A new book written by an industry insider.
You will Learn How to Save Thousands of Dollars when You
Save Money from:
About the Author
John Granger has 20 years of experience as a computer consultant. Most of his career, he has consulted and written custom software for the title insurance, real estate and mortgage industries.
John does not profit from any of these industries, so he can tell you the real story of how to save Thousands of Dollar's when you buy, sell or re-finance real estate.
Purchasing a house starts when the seller signs the agreement of sale. It culminates with settlement or closing. In between are mortgage applications, appraisals, title searches, etc.
At settlement or closing, the buyer and seller will meet to sign papers and officially transfer the property. In California and Texas they will probably not settle together.
The settlement sheet or HUD-1 is a standard federal form. It is required by the mortgage company and will be used for all settlements.
The HUD-1 is divided into sections. Each section is differentiated by line numbers which range from 100 to 1400. The following explanations relate to line numbers on the HUD-1.
The second or back page of the settlement sheet is where most of the charges are located and will be covered first in this book. The first or front page can not be completed without doing the back page.
The back page has one description or label per line and there is a separate column for buyers / borrowers and sellers. On refinances, the charges will be on the left or buyer's side.

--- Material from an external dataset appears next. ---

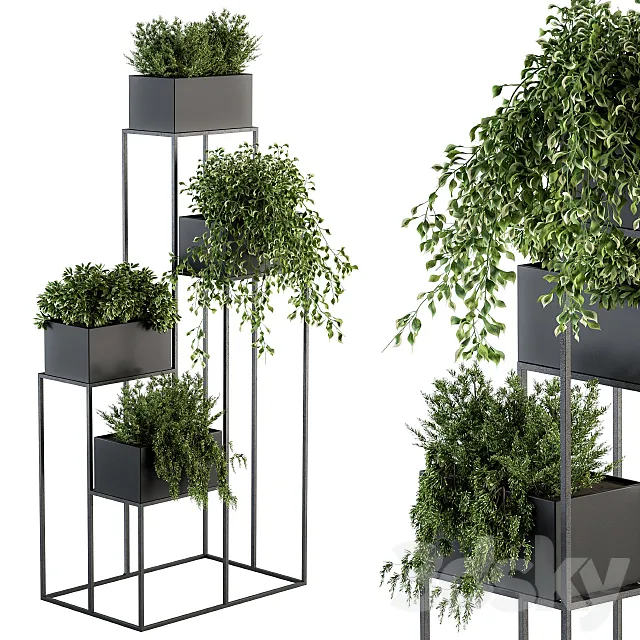 indoor Plant Set 100 - Black stand 3DModel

There are separate labels and descriptions on sides for the buyer / borrower and seller. The first or front page of the settlement sheet is where the beginning and ending totals are. The beginning total is the sale price. The ending total is money from/to by the buyer and money to/from the seller. All charges are required to be entered on the settlement sheet. Items that are paid outside of closing will be marked POC and should not appear in the buyer or seller's column. Each charge should be explained to the buyer and seller. The deed and mortgage papers, if any, will be signed. The buyer will pay closing costs and the seller will receive the proceeds.
There are several different approaches for buyers. The first time, stretching or overextended homebuyer needs to get in as cheaply as possible. No money down can work and sells lots of books, but there are some closing costs you will have to pay.
Making deals with sellers and following some of the ideas below will allow you to save money or know what to expect when you go to settlement.
Objective: Get in as cheaply as possible.
Loan Origination Fee: Try to find a mortgage with no or a low loan origination fee. This can be one point. A point is one percent of the mortgage amount. On a $100,000 mortgage a point is $1,000.
Loan Discount: Get your mortgage directly from a mortgage company or savings and loan. Banks make money when they give you a mortgage and then they sell it. You pay for their profit. Try to find a mortgage with no or a low loan discount. This can be three points.
Negotiate a low sale price. The best way to save money is paying less in the first place.
Buy a house in a new development that is still dirt. Buying at this stage can save you 10% on the sale price. Once the sample house is finished and a few sales are made, the prices go up. Make sure that the builder is reputable, so the development really will be built. Make sure that all money that you pay is marked to be in an escrow account. This means that you will get your money back if something happens.
There are several different approaches for sellers. The regular sale is what you should have. Saving money at settlement means that you keep more of your equity when you sell. FHA and VA sales will require the seller to pay extra items and maybe repair the property to meet their requirements. Objective: Get out as cheaply as possible. Ie., keep your equity.
Sell the house yourself. This is the largest savings that you have available. This will save you 6 or 7 points. On a $100,000 house this is a savings of $6,000 - $7,000.
Negotiate a low brokers commission. Real estate brokers usually charge 6 or 7% commission. This is generally shared by the listing and selling broker's. Each broker gets 3%. If you give special rights to the listing broker, you may be able to negotiate a lower real estate commission. Be careful that these exclusives do not restrict you from the market like not being listed on MLS. MLS is the multiple listing service. MLS gives realtors in the area access to the property.
There are several different approaches for owners who are refinancing. FHA and VA mortgages may now allow you to refinance very easily. Contact your mortgage company for more information.
When you refinance and get a new mortgage company the old mortgage company loses a customer. The old mortgage company may often offer you better rates and lower costs to stay with them. They are very interested in keeping customers. If they do not and you find a better mortgage, ask if they will match it. This will allow you to save on mortgage escrow charges.
Objective: Get a new lower payment with better rates as cheaply as possible.
Do not pay any points whatsoever. This is the biggest way to save money.
Do not pay any closing costs. Some mortgage companies will allow this. Financing closing costs can be extremely expensive. $1,000.00 for 30 years at 7% is $2,394.00. At 10% it is $3,160.80. If you have the money, this will save you in the long run.